Vous avez acquis un fonds de commerce pour développer votre activité, mais la revente intervient avant cinq ans. Une telle opération peut-elle ouvrir droit à une exonération d’impôt sur les sociétés (IS) sur la plus-value réalisée ? Décryptage d’un mécanisme fiscal souvent méconnu.
Le cadre de l’exonération des plus-values
Lorsqu’une société soumise à l’IS cède une branche complète d’activité ou des éléments équivalents, comme un fonds de commerce ou un fonds artisanal, elle peut prétendre à une exonération totale ou partielle sur la plus-value réalisée, sous certaines conditions comme l’explique le spécialiste des transmissions d’entreprises et de fonds de commerce Pic International. Cette exonération repose sur l’article 238 quindecies du Code général des impôts (CGI). L’objectif ? Faciliter les transmissions d’entreprises tout en garantissant une certaine pérennité économique. Cependant, le bénéfice de cette mesure est strictement encadré.
Totale ou partielle : les règles de l’exonération
Pour prétendre à l’exonération totale, la valeur des éléments cédés (par exemple, le fonds de commerce) doit être inférieure ou égale à 300 000 euros. Entre 300 000 et 500 000 euros, l’exonération devient partielle : un système proportionnel s’applique, réduisant progressivement l’avantage fiscal au fur et à mesure que la valeur dépasse le seuil inférieur.
Au-delà de ces montants, aucune exonération n’est possible : l’ensemble de la plus-value devient imposable au taux normal de l’IS.
Les conditions pour accéder à cet avantage fiscal
Pour bénéficier de cette exonération, plusieurs critères doivent être remplis :
- Le statut de PME : la société cédante doit répondre à la définition européenne de la PME. Elle doit avoir moins de 250 salariés et respecter l’un des deux critères financiers suivants : un chiffre d’affaires annuel inférieur à 50 millions d’euros ou un total de bilan inférieur à 43 millions d’euros.
- L’indépendance capitalistique : le capital de la société ou ses droits de vote ne doivent pas être détenus à plus de 25% par une autre société, sauf si celle-ci est également une PME.
- L’absence de lien avec l’acquéreur : la société cédante ne peut pas être contrôlée directement ou indirectement par la société cessionnaire.
- Une durée minimale d’activité : la société doit avoir exercé son activité depuis au moins cinq ans à la date de la cession.
Focus sur la durée d’activité
La condition des cinq ans constitue souvent une source de confusion. Selon la loi, ce délai débute à la date d’exercice effectif de l’activité et se termine à la date de cession de la branche complète d’activité. Mais qu’en est-il lorsque l’activité est répartie sur plusieurs établissements ou fonds de commerce ? Cette question a fait l’objet d’une clarification récente.

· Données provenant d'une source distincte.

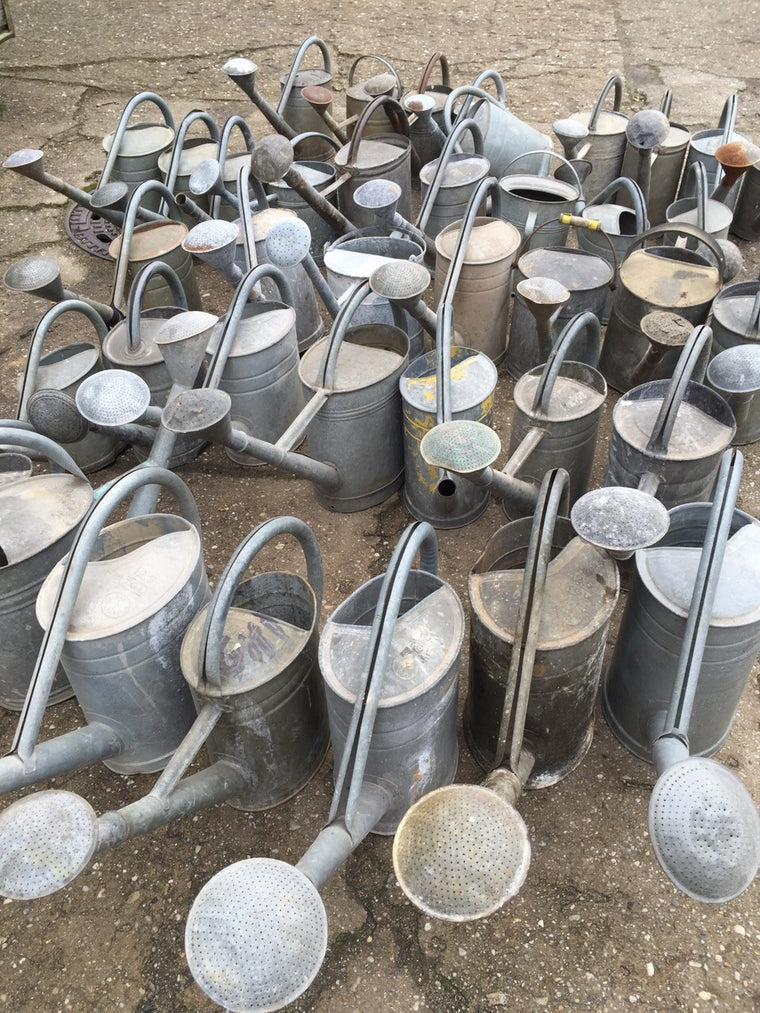Vintage industrial French galvenized watering cans #1121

Une activité répartie sur plusieurs fonds
Prenons un exemple : une société exploite un fonds de commerce depuis de nombreuses années et en acquiert un second pour développer son activité. Elle revend ce second fonds après seulement trois ans d’exploitation. Cette cession peut-elle bénéficier de l’exonération d’IS ?
La réponse est oui, comme l’a confirmé le Conseil d’État dans une décision du 13 juin 2018. L’administration fiscale soutenait que la durée de détention spécifique du fonds cédé devait être d’au moins cinq ans pour ouvrir droit à l’exonération. Mais le Conseil d’État a opté pour une interprétation plus large et favorable aux contribuables.
Selon cette jurisprudence, ce n’est pas la durée de détention du fonds en question qui compte, mais bien la durée d’exercice de l’activité globale de la société dans le même secteur. Ainsi, si l’activité exercée via le fonds cédé s’inscrit dans une continuité avec celle pratiquée depuis au moins cinq ans, l’exonération peut s’appliquer.
Illustration concrète de la décision
Dans l’affaire examinée par le Conseil d’État, une société spécialisée dans la vente de produits d’optique exploitait un fonds de commerce depuis plus de huit ans. Elle acquiert un second fonds d’optique qu’elle revend trois ans plus tard. L’administration fiscale refuse l’exonération partielle sur la plus-value de cette cession, arguant que le second fonds n’avait pas été détenu pendant cinq ans.
Le Conseil d’État a rejeté cette position, arguant que la société, ayant exercé la même activité depuis plus de cinq ans, remplissait la condition de durée d’activité exigée par l’article 238 quindecies. Par conséquent, elle pouvait bénéficier de l’exonération partielle, malgré la cession anticipée du second fonds.